Stored records:
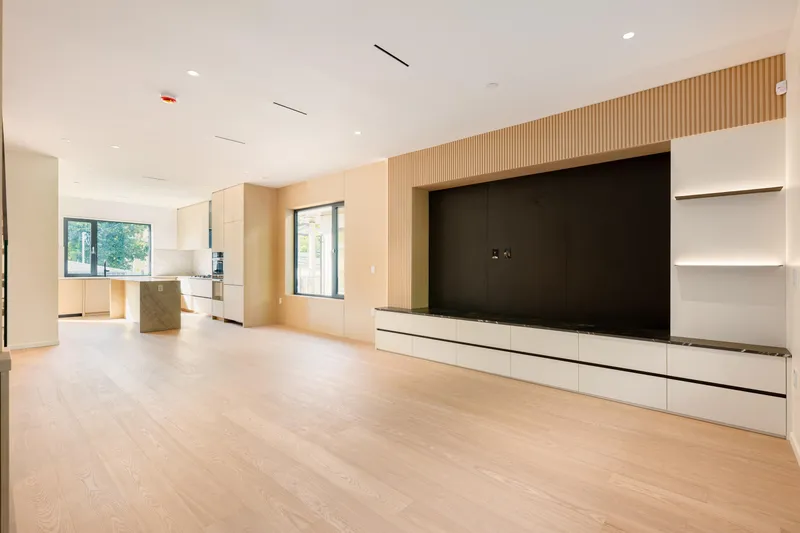 4475 WALLACE STREET - photo 4 of 25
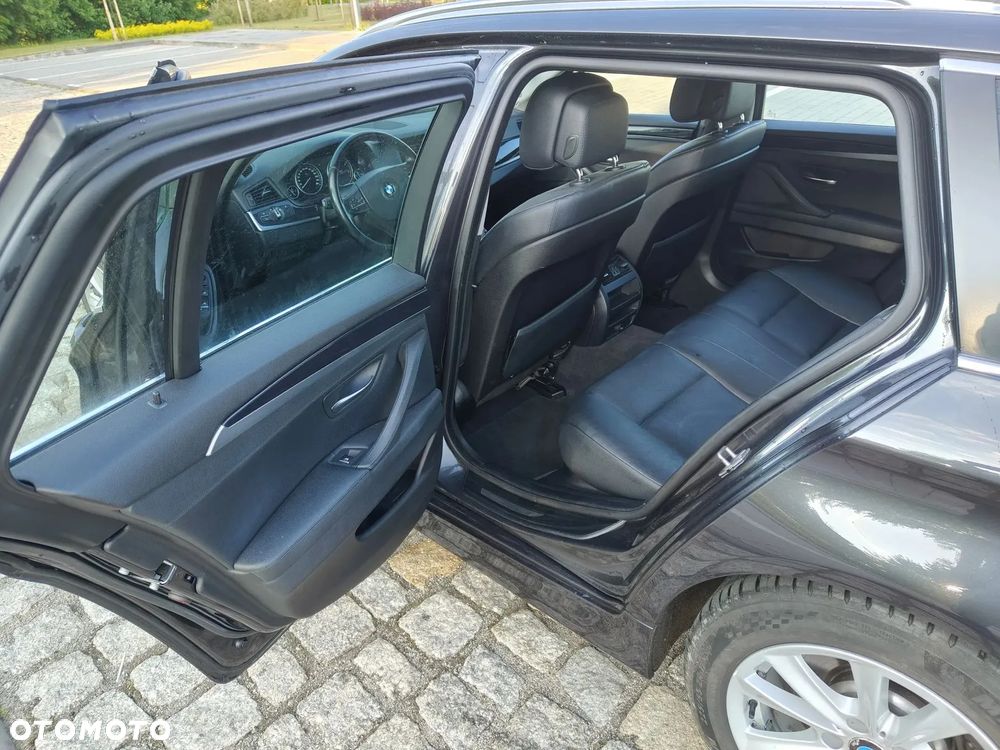BMW Seria 5 520d Touring - 13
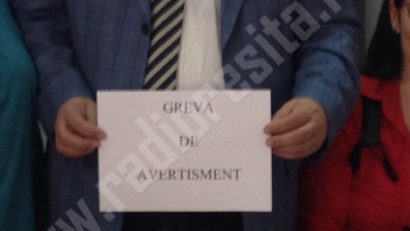 [FOTO] Grevă de avertisment în Caraş-Severin: Autorităţile de mediu au declanşat un protest spontan şi ameninţă cu întreruperea activităţii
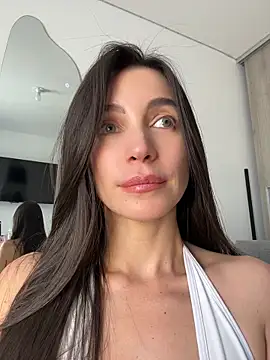 karinasantos  online show from July 18, 3:58 pm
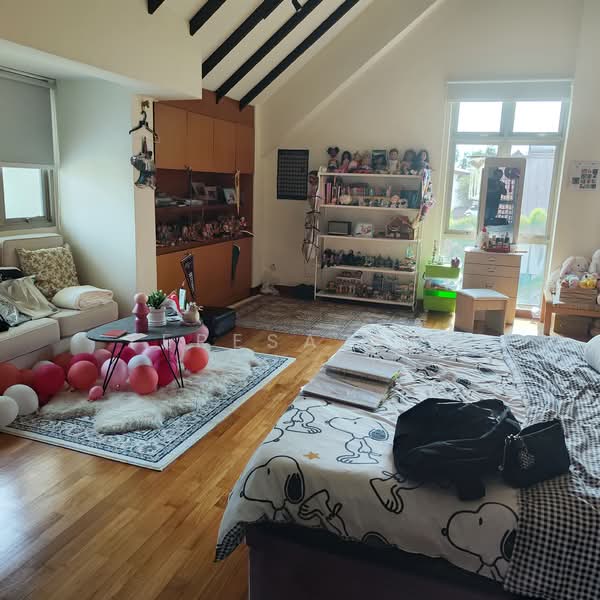 ⭐️ ⭐️LANDED7772@OPERA ESTATE ⭐️966_77772, Cozy 2sty Detached with basement & attic, 5 Bedrooms, 6,212 sqft, Detached House For Sale, by Teresa Tan, 25591779 - Bedroom - PropertyGuru.com.sg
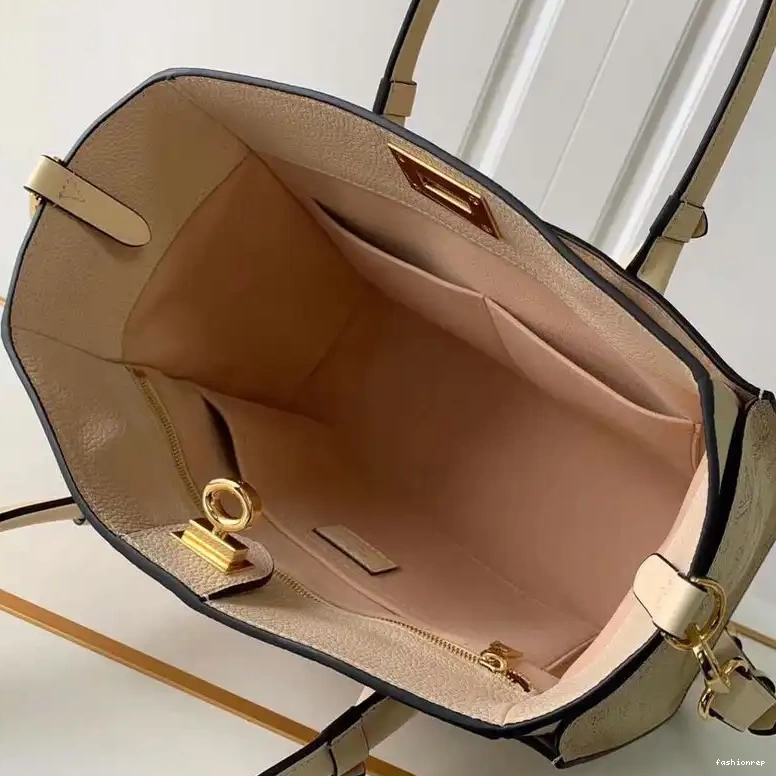 Fashionrepsfam ru LV 2109YA0212 Bag 0612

**Action item**. All of the entries, apart from the pictures, must be returned exactly.

**Final answer**.
 4475 WALLACE STREET - photo 4 of 25
BMW Seria 5 520d Touring - 13
 [FOTO] Grevă de avertisment în Caraş-Severin: Autorităţile de mediu au declanşat un protest spontan şi ameninţă cu întreruperea activităţii
 karinasantos  online show from July 18, 3:58 pm
 ⭐️ ⭐️LANDED7772@OPERA ESTATE ⭐️966_77772, Cozy 2sty Detached with basement & attic, 5 Bedrooms, 6,212 sqft, Detached House For Sale, by Teresa Tan, 25591779 - Bedroom - PropertyGuru.com.sg
 Fashionrepsfam ru LV 2109YA0212 Bag 0612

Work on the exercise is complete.